Data block section start
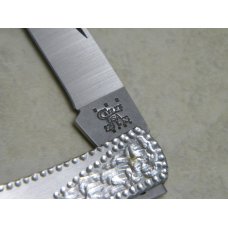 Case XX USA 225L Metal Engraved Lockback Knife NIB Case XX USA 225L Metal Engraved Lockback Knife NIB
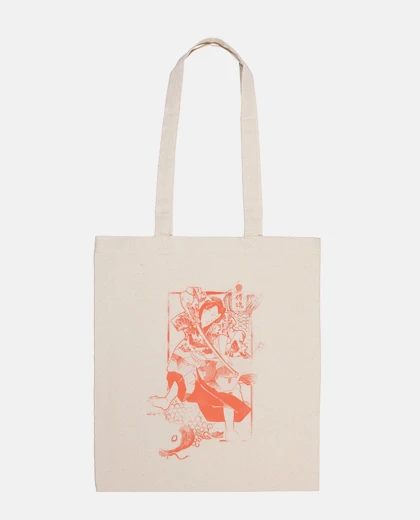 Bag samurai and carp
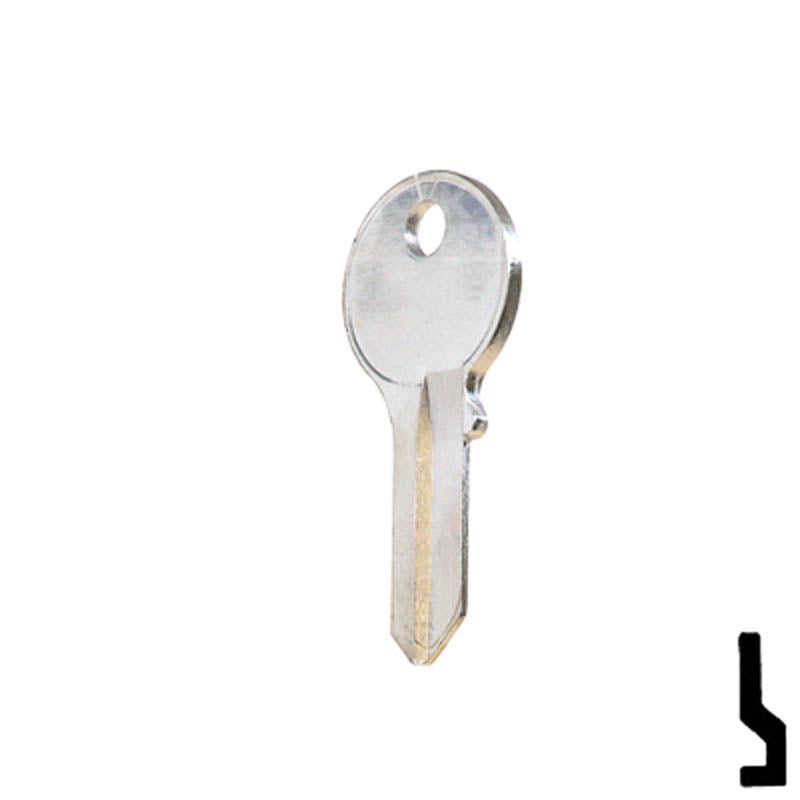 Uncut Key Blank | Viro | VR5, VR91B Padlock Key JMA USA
Data block section end
• [Required work]: Reproduce word for word the lines from the line holding "Bag samurai and carp" through the last line of the material above, inclusive, and keep pictures out of it.

• [Written solution]:
 Bag samurai and carp
 Uncut Key Blank | Viro | VR5, VR91B Padlock Key JMA USA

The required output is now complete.